▶ **Exercise data**
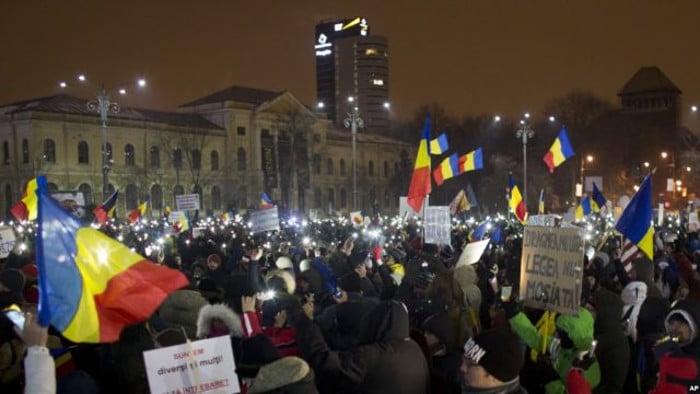 Протести у Румунији: Грађанима прекипело због корупције, упали у зграду Парламента (видео)
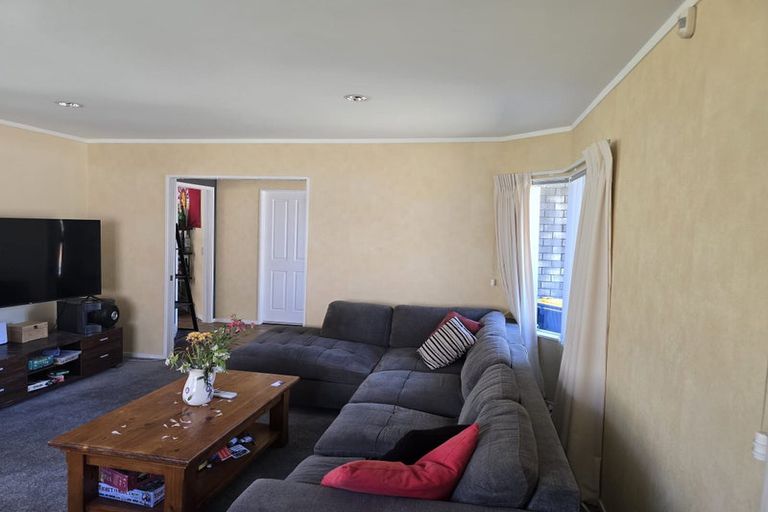 Photo of property in 15 Picasso Drive, West Harbour, Auckland, 0618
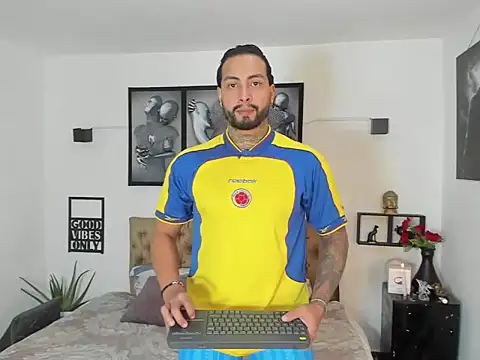 Snapshot of christopher_palmerjs chatting on 11.05.25 christopher palmerjs online show from 11.05.25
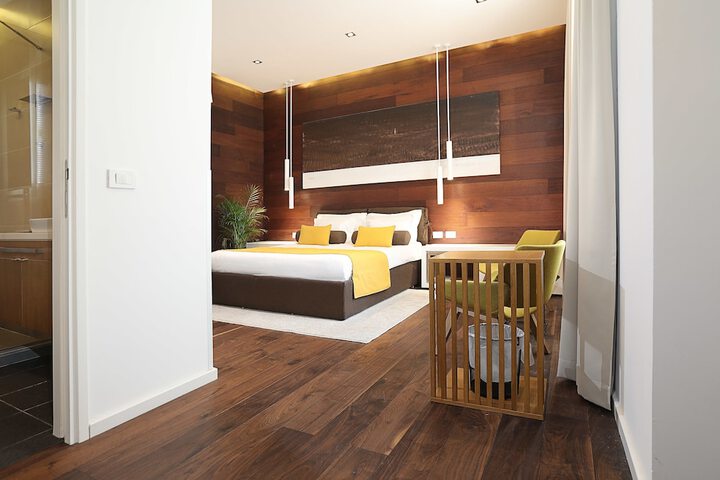 Room 19 of 54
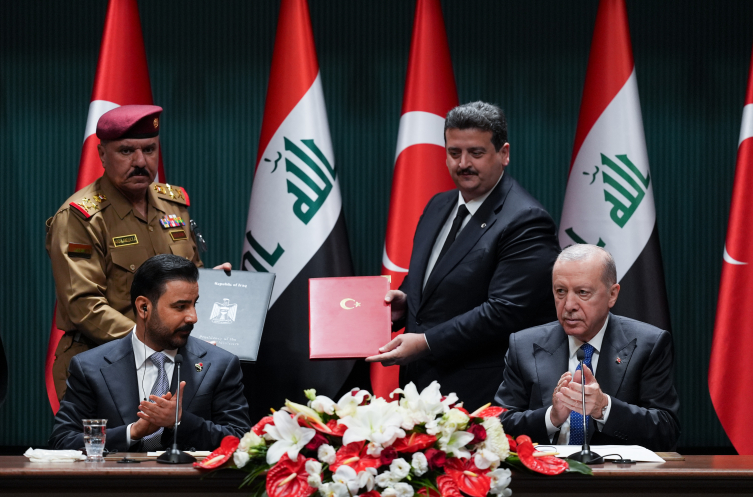 Türkiye, sadece Suriye ile değil diğer komşusu Irak'la da çok katmanlı bir süreç başlattı.
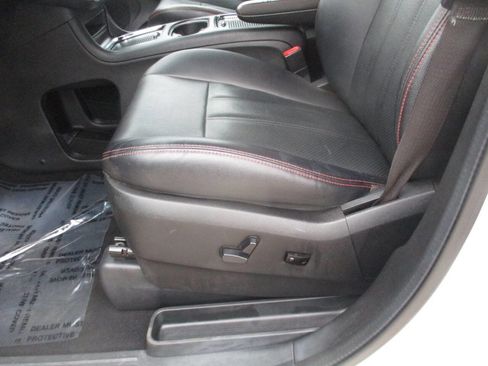 Used 2017 Dodge Grand Caravan GT image 17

▶ **Task statement**
Repeat the entries exactly, without pictures.

▶ **Reply to the exercise**
 Протести у Румунији: Грађанима прекипело због корупције, упали у зграду Парламента (видео)
 Photo of property in 15 Picasso Drive, West Harbour, Auckland, 0618
 Snapshot of christopher_palmerjs chatting on 11.05.25 christopher palmerjs online show from 11.05.25
 Room 19 of 54
 Türkiye, sadece Suriye ile değil diğer komşusu Irak'la da çok katmanlı bir süreç başlattı.
 Used 2017 Dodge Grand Caravan GT image 17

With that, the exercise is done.